▶ WORK REQUEST
Every line from the start of the records through the line with "A 6-week old" is to be written out exactly; pictures are not.

BEGIN

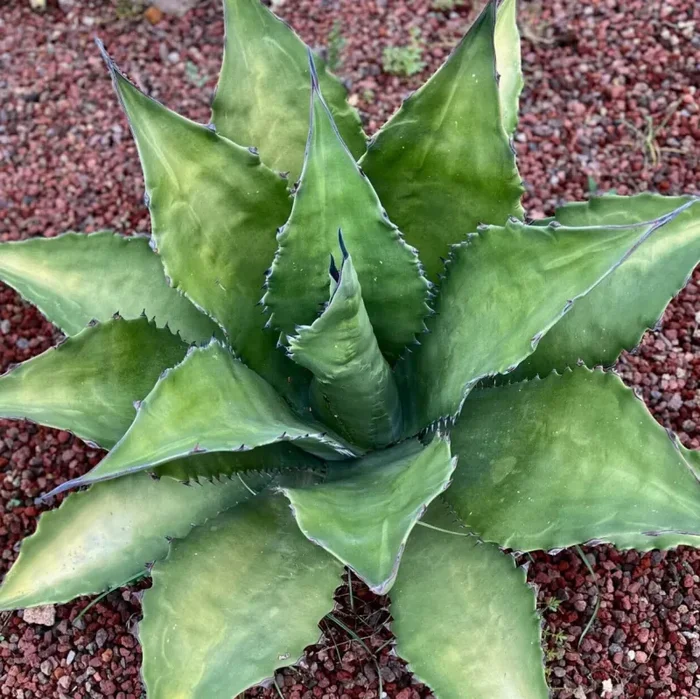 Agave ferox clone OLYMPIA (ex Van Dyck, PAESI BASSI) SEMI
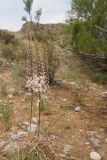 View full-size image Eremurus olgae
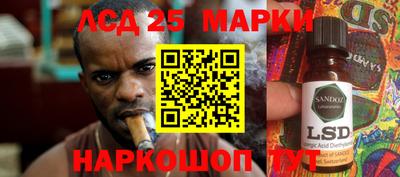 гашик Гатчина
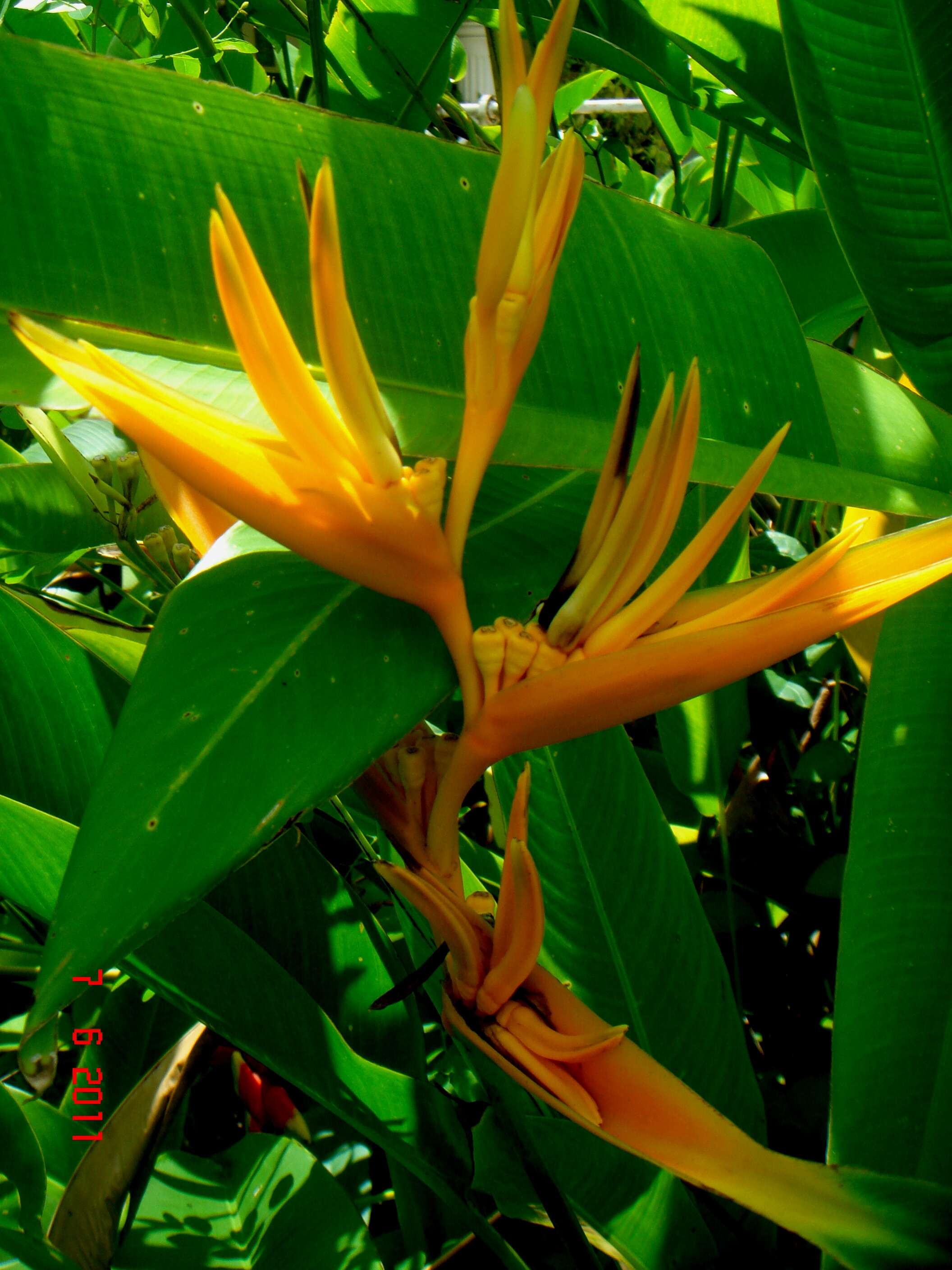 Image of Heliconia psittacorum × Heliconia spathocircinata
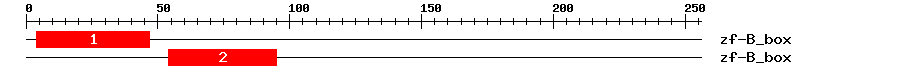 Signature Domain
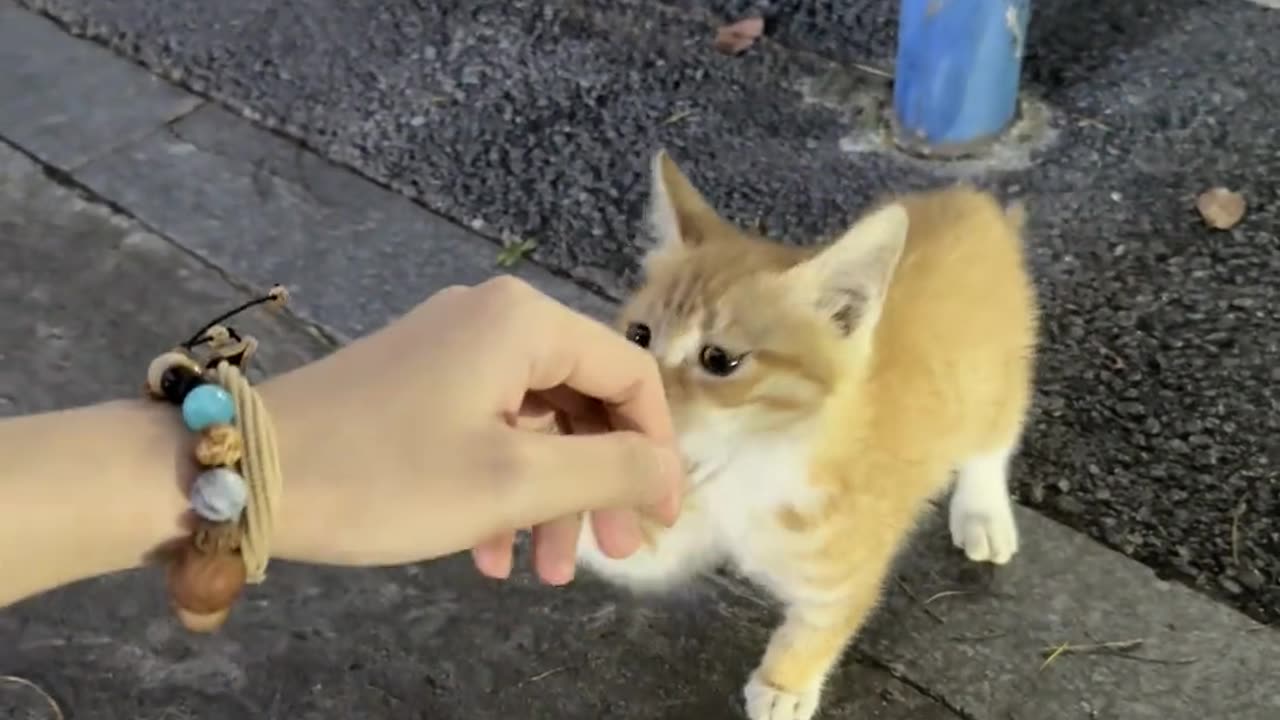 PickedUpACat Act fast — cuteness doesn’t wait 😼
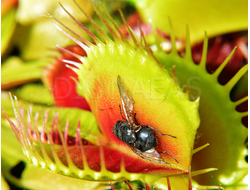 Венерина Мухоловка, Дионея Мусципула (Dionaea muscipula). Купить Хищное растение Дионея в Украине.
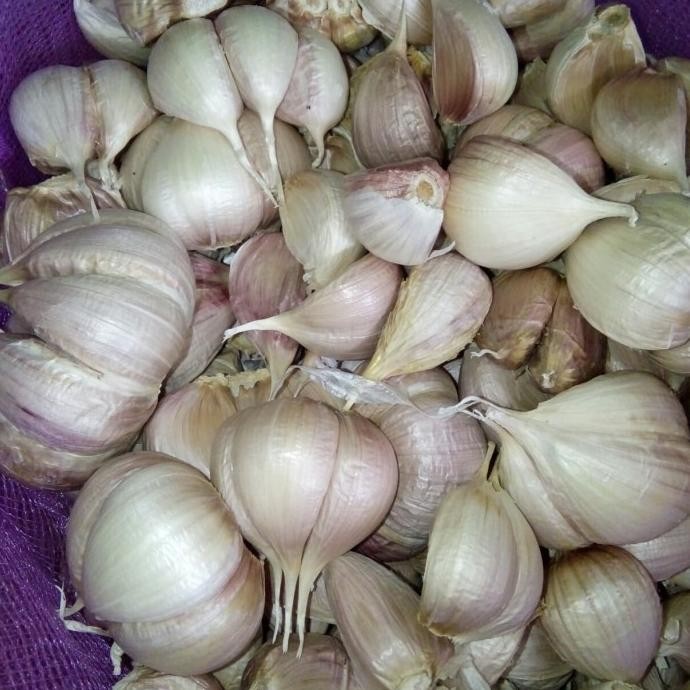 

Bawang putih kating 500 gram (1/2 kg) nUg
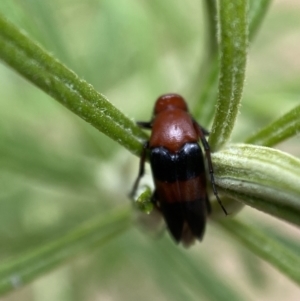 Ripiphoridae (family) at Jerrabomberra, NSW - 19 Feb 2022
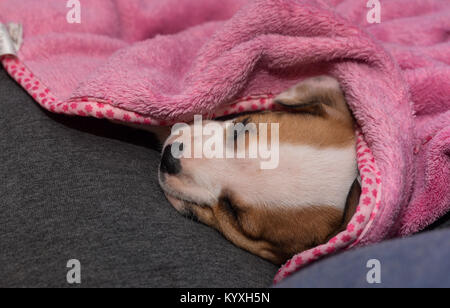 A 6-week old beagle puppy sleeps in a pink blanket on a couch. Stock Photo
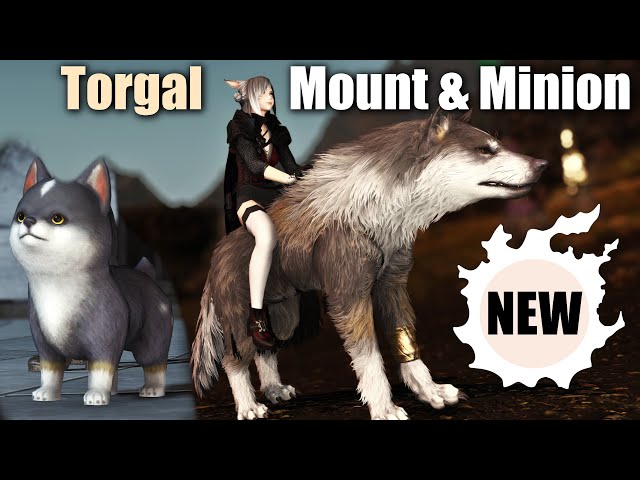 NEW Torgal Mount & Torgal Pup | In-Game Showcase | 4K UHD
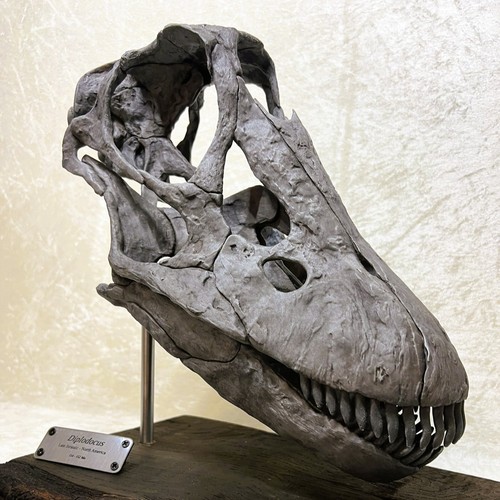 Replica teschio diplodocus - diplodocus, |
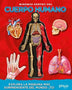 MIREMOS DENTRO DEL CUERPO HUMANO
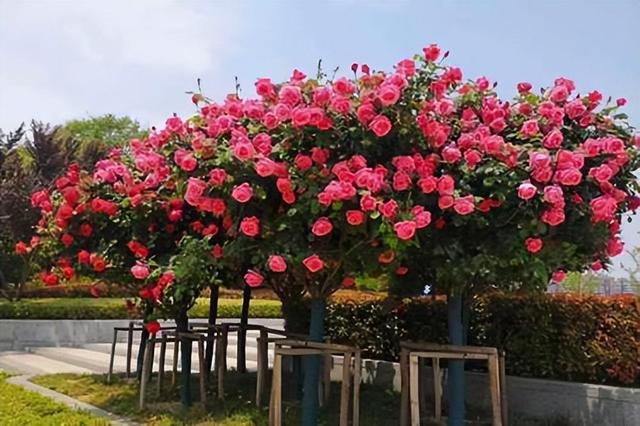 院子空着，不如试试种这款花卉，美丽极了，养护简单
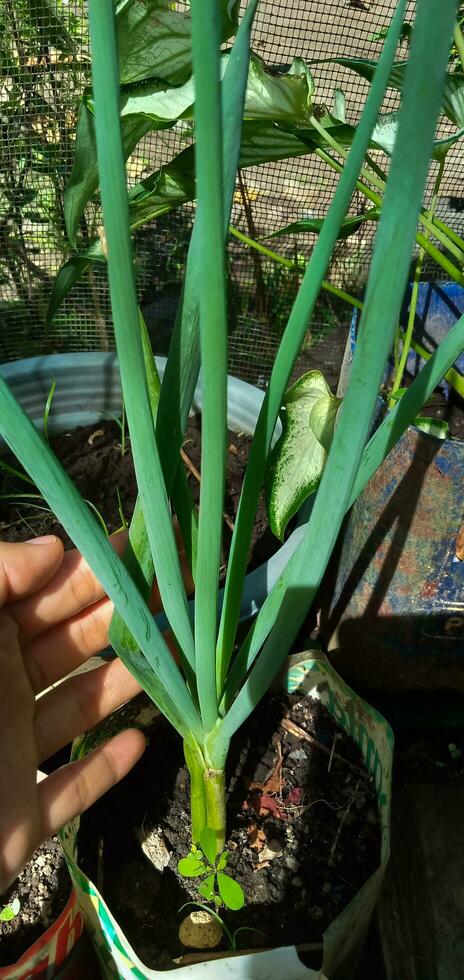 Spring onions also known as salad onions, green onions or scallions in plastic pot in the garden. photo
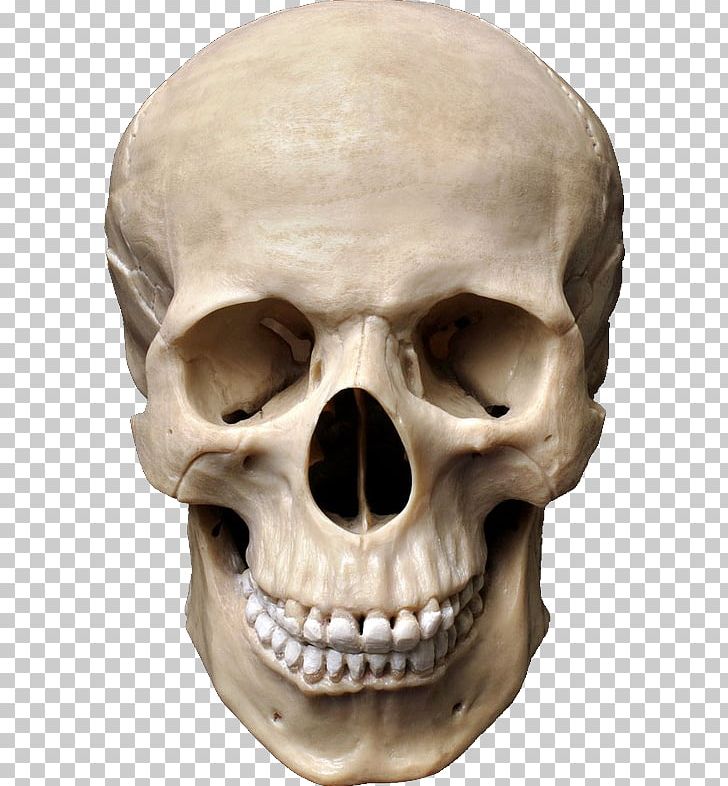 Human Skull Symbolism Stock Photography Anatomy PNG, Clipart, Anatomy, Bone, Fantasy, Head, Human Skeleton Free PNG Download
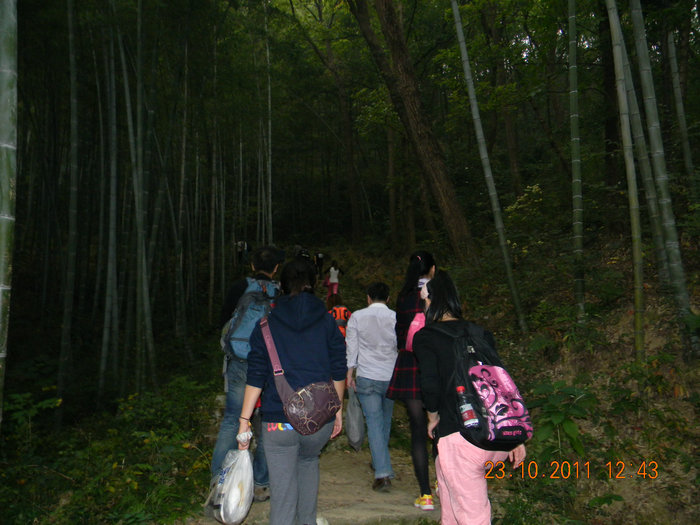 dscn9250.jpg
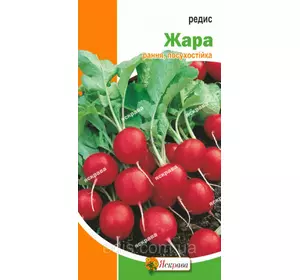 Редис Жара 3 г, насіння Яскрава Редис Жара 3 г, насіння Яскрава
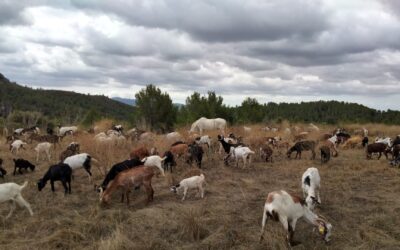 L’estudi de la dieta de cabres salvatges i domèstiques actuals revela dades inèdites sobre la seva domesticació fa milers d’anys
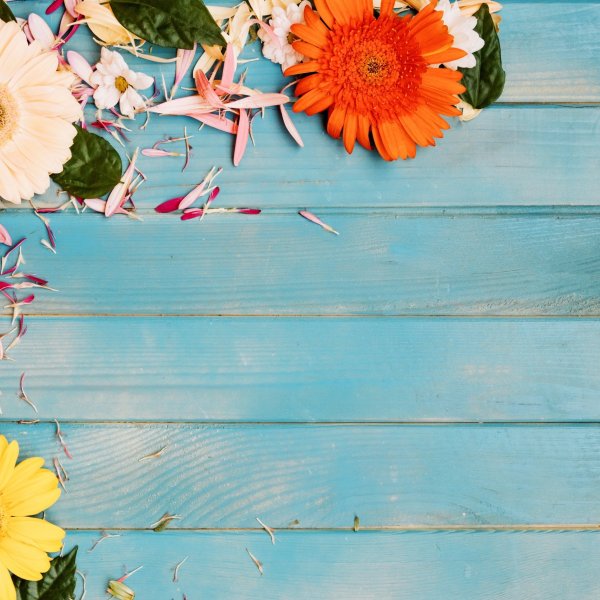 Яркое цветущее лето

END

▶ RESPONSE TO THIS TASK
 Agave ferox clone OLYMPIA (ex Van Dyck, PAESI BASSI) SEMI
 View full-size image Eremurus olgae
 гашик Гатчина
 Image of Heliconia psittacorum × Heliconia spathocircinata
 Signature Domain
 PickedUpACat Act fast — cuteness doesn’t wait 😼
 Венерина Мухоловка, Дионея Мусципула (Dionaea muscipula). Купить Хищное растение Дионея в Украине.

Bawang putih kating 500 gram (1/2 kg) nUg
 Ripiphoridae (family) at Jerrabomberra, NSW - 19 Feb 2022
 A 6-week old beagle puppy sleeps in a pink blanket on a couch. Stock Photo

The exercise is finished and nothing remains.